このモジュールはGitLab Runnerのauto scaling modeを利用しており,ビルドキューに応じてBuild RunnerのEC2インスタンスを作成および削除する仕組みになっています.具体的には,以下の2種類のEC2インスタンスが作成されます.

  • GitLab Runner(Build Runnerを作成するためのノード.Auto Scaling Groupがライフサイクルを管理する)
  • Build Runner(実際にビルドを実行するノード.GitLab Runnerがライフサイクルを管理する)

GitLab Runnerのauto scaling modeは内部でDocker Machineを利用しており,Docker Machineが新しいBuild Runnerを作成します.

このモジュールはGitLabオフィシャルの Autoscale GitLab CI/CD runners and save 90% on EC2 costs で紹介されている構成をベースにしているとのことですが,このモジュールではAuto Scaling Groupを利用してGitLab Runner自体もスポットインスタンスにすることでさらなる費用削減を実現しています.例えば,us-west-2リージョンで以下のインスタンスタイプを利用した場合,8〜9割引になります.(私の大好きな激安インスタンスタイプです)

  • GitLab Runner t3.micro $0.0104/h → $0.0031/h (80% OFF)
  • Build Runner m3.medium $0.0670/h → $0.0067/h (90% OFF)

今のところSpot Fleetには対応していないようですが,今後に期待です.(詳しくはIssue#77を参照)

使ってみよう

https://github.com/npalm/terraform-aws-gitlab-runner/tree/develop/examples にサンプルが用意されています.本稿では,パブリックサブネットにGitLab Runnerを配置する例を示します.

AWSリソースの定義

まず,新しいVPCとサブネットを定義します.IPアドレスブロックや名前は適当で構いません.

resource "aws_vpc" "main" {
  cidr_block = "172.21.0.0/16"
}

resource "aws_internet_gateway" "public" {
  vpc_id = "${aws_vpc.main.id}"
}

resource "aws_route_table" "public" {
  vpc_id = "${aws_vpc.main.id}"
}

resource "aws_route_table_association" "public" {
  route_table_id = "${aws_route_table.public.id}"
  subnet_id      = "${aws_subnet.public.id}"
}

resource "aws_route" "public_internet_gateway" {
  route_table_id         = "${aws_route_table.public.id}"
  destination_cidr_block = "0.0.0.0/0"
  gateway_id             = "${aws_internet_gateway.public.id}"
}

resource "aws_subnet" "public" {
  vpc_id            = "${aws_vpc.main.id}"
  cidr_block        = "172.21.0.0/20"
  availability_zone = "us-west-2a"
}

次に,terraform-aws-gitlab-runnerモジュールを読み込みます.ここでは https://gitlab.com にGitLab Runnerを登録しますが,独自にホスティングしているGitLabに対しても同様の方法で登録できます.

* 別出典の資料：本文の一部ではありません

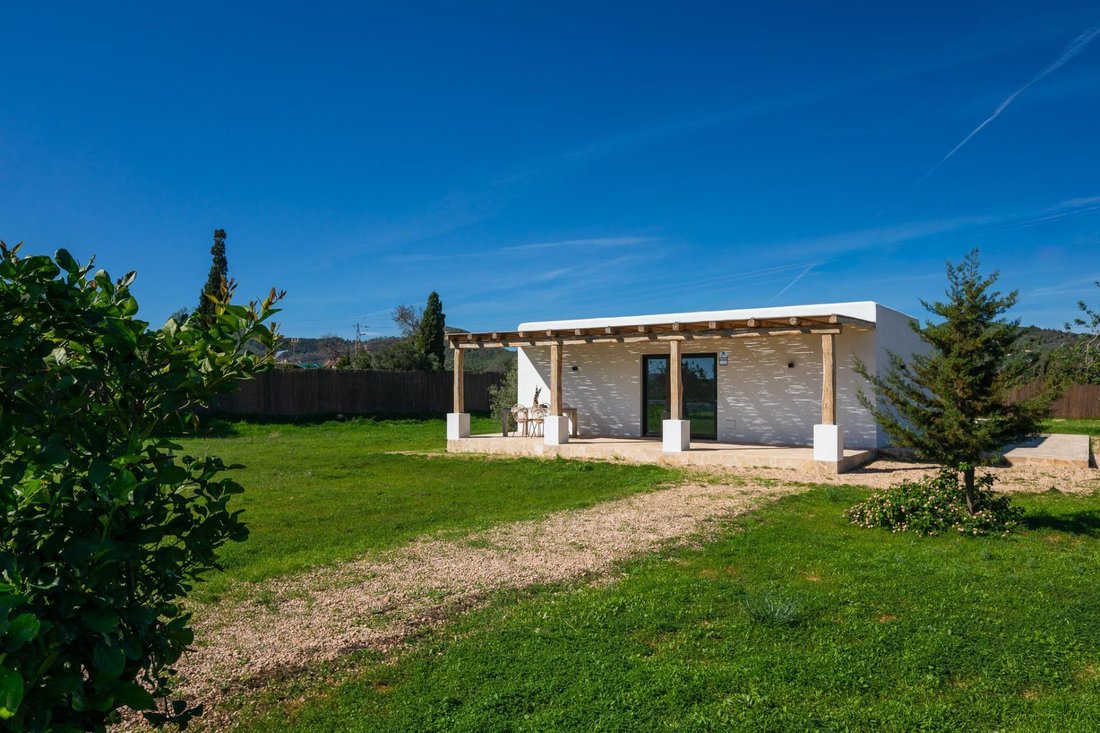 Villa in Sant Jordi de ses Salines, Sant Josep de sa Talaia, Balearic Islands 2 - 18684886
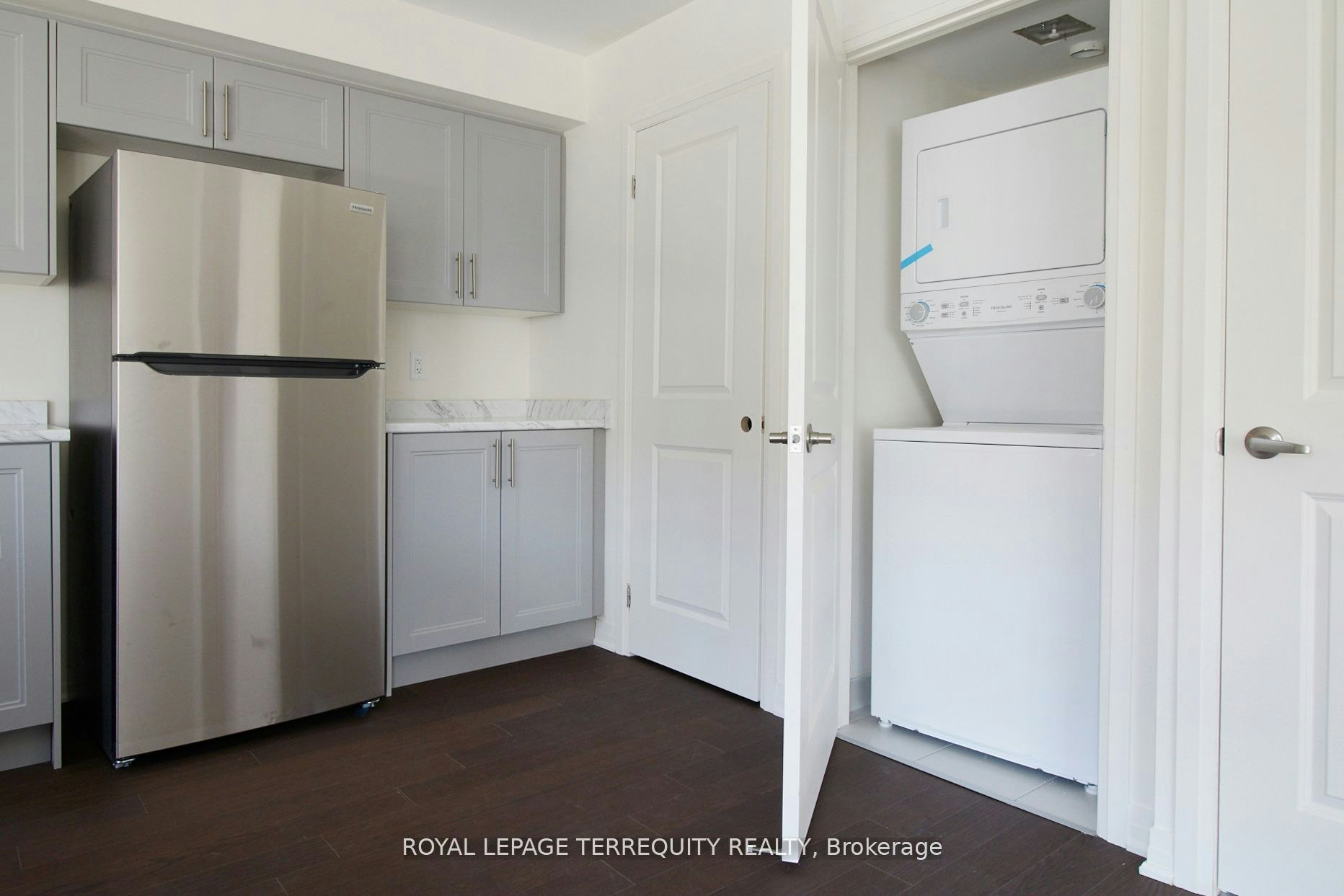 8D Lookout Drive, Clarington, ON, L1C 7E9 - 10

data "local_file" "public_ssh_key" {
  filename = ".sshkey.pub"
}

variable "gitlab_runner_registration_token" {
  type        = "string"
  description = "Registration token for GitLab Runners"
}

module "gitlab_runner" {
  source  = "npalm/gitlab-runner/aws"
  version = "3.5.0"

  aws_region                  = "us-west-2"
  environment                 = "gitlab_runner"
  ssh_public_key              = "${data.local_file.public_ssh_key.content}"
  vpc_id                      = "${aws_vpc.main.id}"
  subnet_ids_gitlab_runner    = ["${aws_subnet.public.id}"]
  subnet_id_runners           = "${aws_subnet.public.id}"
  aws_zone                    = "a"
  runners_use_private_address = false

  # GitLab Runnerインスタンスの設定
  instance_type              = "t3.micro"
  runner_instance_spot_price = "0.01"

  # Build Runnerインスタンスの設定
  docker_machine_instance_type  = "m3.medium"
  docker_machine_spot_price_bid = "0.02"

  runners_name                = "aws.m3"
  runners_gitlab_url          = "https://gitlab.com"

  # GitLab本体にGitLab Runnerを登録する際の設定
  # https://docs.gitlab.com/ee/api/runners.html#register-a-new-runner を参照
  gitlab_runner_registration_config = {
    registration_token = "${var.gitlab_runner_registration_token}"
    description        = "GitLab Runner on AWS"
    tag_list           = "aws"  # GitLab Runnerのタグ
    locked_to_project  = "true"
    run_untagged       = "false"
    maximum_timeout    = "3600"
  }
}

AWSリソースのプロビジョニングとGitLabへの登録

https://gitlab.com を開き,新しいプロジェクトを作成します.プロジェクトのCI/CD設定を開き,Registration Tokenを取得します.

f:id:int128:20190620174128p:plain

Terraformを実行します.ここでは環境変数でRegistration Tokenを指定します.

export TF_VAR_gitlab_runner_registration_token=dvc3717mx7RksPZCbe7a
terraform init
terraform apply

GitLab Runnerの登録に成功すると,以下のようにプロジェクトのCI/CD設定にRunnerが現れます.

f:id:int128:20190620174708p:plain

ビルドの実行

プロジェクトに .gitlab-ci.yml を作成します.このとき以下のように tags にGitLab Runnerのタグ名を指定します.先ほどTerraformの定義で aws というタグを付けたので,ここでも aws というタグを指定しています.

image: golang:1.12
stages:
  - test
format:
  stage: test
  script:
    - go test -race ./...
  tags:
    - aws

コミットをpushするとビルドが実行されます.AWSコンソールを確認すると,以下のようにBuild Runnerのインスタンスが作成されているはずです.

f:id:int128:20190620175729p:plain

Build Runnerライフサイクルの変更

デフォルトでは,ビルドが完了してから10分間が経過するとBuild Runnerのインスタンスが削除されます.また,Build Runnerのインスタンス数の上限は設定されていません.

ここでは,ビルドが完了してから1分後にインスタンスが削除されるように変更します.また,インスタンス数の上限も2つに変更します.

module "gitlab_runner" {
  # 以下を追記
  runners_idle_time = 60
  runners_limit     = 2
}

AWSリソースの変更を反映します.

terraform apply

上記のコマンドを実行するとLaunch Configurationが変更されます.すでにGitLab Runnerが起動している場合は,既存のインスタンスを削除すると新しい設定でインスタンスが起動されます.

プロジェクトを開き,連続してビルドを実行してみましょう.同時実行数が2つに制限されているはずです.

f:id:int128:20190620184604p:plain

また,1分間が経過するとBuild Runnerのインスタンスが削除されているはずです.